Comment by hiAndrewQuinn

Comment by hiAndrewQuinn 3 days ago

23 replies

I'm a software lead for passenger information systems on public transit. What that means is: The little screen that shows you what your next stop is, and the little voice clip that plays "Next Stop: Braintree" or what have you.

It's not quite as nice a feedback loop as ordinary web dev, but I've found a $20 webcam easily pays for itself many times over in this environment. This becomes all the more important as we start to build more advanced software functionality into our product offerings, which is where I really shine despite my undergrad in electrical engineering (I chose EE, like how aspiring writers choose to major in the classics).

thaumasiotes 3 days ago

> I'm a software lead for passenger information systems on public transit. What that means is: The little screen that shows you what your next stop is

Why does that screen always cycle through a bunch of worthless messages that hide this information, instead of just displaying the useful information ("next stop: X") at all times?
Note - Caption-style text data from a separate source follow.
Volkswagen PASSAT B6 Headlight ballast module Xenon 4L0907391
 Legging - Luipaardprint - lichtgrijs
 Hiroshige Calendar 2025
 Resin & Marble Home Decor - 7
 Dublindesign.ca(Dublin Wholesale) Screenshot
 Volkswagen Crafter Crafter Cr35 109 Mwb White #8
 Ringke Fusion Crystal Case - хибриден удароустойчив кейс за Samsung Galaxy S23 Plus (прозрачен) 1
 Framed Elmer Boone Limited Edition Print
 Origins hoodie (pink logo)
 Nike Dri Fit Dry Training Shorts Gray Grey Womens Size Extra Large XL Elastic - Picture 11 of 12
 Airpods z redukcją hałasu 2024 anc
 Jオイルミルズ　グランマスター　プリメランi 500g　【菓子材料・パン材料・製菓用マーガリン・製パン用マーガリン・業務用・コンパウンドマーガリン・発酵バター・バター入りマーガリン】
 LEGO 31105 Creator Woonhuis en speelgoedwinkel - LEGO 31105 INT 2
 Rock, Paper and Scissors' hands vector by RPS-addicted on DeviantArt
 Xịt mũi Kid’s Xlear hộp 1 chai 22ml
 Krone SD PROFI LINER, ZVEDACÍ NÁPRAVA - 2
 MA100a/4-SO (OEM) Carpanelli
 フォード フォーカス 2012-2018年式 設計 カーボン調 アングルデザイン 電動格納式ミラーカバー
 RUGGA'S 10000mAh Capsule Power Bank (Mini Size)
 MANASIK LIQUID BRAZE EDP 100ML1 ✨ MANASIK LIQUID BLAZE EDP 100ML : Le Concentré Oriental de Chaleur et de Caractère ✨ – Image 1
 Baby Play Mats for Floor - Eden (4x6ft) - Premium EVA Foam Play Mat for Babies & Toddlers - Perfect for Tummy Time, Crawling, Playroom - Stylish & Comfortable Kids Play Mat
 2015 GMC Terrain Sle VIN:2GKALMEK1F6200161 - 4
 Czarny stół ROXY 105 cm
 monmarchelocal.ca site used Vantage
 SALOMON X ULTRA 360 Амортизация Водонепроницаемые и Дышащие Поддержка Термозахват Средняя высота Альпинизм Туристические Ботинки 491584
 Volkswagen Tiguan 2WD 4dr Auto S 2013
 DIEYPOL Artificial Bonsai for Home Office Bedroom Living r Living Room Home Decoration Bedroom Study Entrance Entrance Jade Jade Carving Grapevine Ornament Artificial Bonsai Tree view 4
  • hiAndrewQuinn 3 days ago

    Great question! The short answer is "Beats me, ask your local transit authority." They're generally the ones who call the shots on what actually gets shown on those displays, and we are the folks who implement that downstream.

    When I say "local transit authority", I mean organizations like the BART for the Bay Area, the MTA for Chicago, or the MBTA for Boston, my home town. The graphic designers in those places are often responsible for surprising amounts of the look and feel of a city's public transport, so I'm sure they would love to hear your feedback.

walthamstow 3 days ago

I'm extremely curious about the nationality and residence of a person who uses Braintree (a town in Essex UK with a silly name) as an example but purchases things in dollars

slekker 3 days ago

Thank you for your work! I always wondered how those worked, and where the info came from, on top of what it runs on etc -- moreover I love seeing software built that directly improves people's lives :)

  • guappa 3 days ago

    Try copenhagen. They use the screen for ads and flash the name of the next stop for a couple of seconds between ads.

    • chgs 3 days ago

      Adverts are a cancer on society, the reason we can’t have nice things.

      • generic92034 3 days ago

        I share your sentiment, but do not forget the nice things we do have ads are paying for.

      • grecy 3 days ago

        They can and have been banned in some cities. It’s glorious.

      • rbanffy 3 days ago

        Capitalism causes cancer. That’s not even surprising ;-)

    • rty32 3 days ago

      The (almost) same thing happens near Boston's South Station. There are some TVs that show timetables of upcoming trains/buses, except that they added ads. So, if you want to know how many minutes you have to catch a train, wait 30 seconds for the ads to be over first.

    • slekker 3 days ago

      That's a shame, where I live we thankfully don't have ads on those!

      • thaumasiotes 3 days ago

        The subway system I'm most familiar with has two systems:

        1. All cars have a configurable display that shows text. It is constantly scrolling through boilerplate that is not conceivably helpful to anyone, like "Don't spend too much time looking at your phone". But if you watch it for a minute or two, eventually it will briefly display the name of the next stop before going back to the boilerplate.

        2. Some cars, but not all cars, have a stylized layout of the subway line embedded over the windows. There are lights running between the stops, and those lights are red if that part of the track has already been covered and green if it hasn't been. The part of the track where the train is currently located, and the upcoming stop, have some other status, which I think is an unobtrusive flashing.

        The fact that this map display cannot show any information other than the current location of the car means that it shows this information at all times, making it millions of times more useful than the configurable text display that all cars have and fail to use appropriately.

        But there are no ads either way. There's just the good system and the terrible system. I would argue that software to control this kind of display is a fundamentally misguided endeavor - the more controllable it is, the worse the user experience will be, because the people controlling the display are not interested in the user experience.

        • jaclaz 3 days ago

          Not that they couldn't reserve on the ads screens a narrow (let's say 100-200 pixels tall) band at the bottom of the screen to show the path with the green and red lights like the (good) ol' system.

tapoxi 3 days ago

How does it know what stop it's at? Operator control? Signaling system?

MBTA related, I finally rode in a new Red Line car, are those radically different?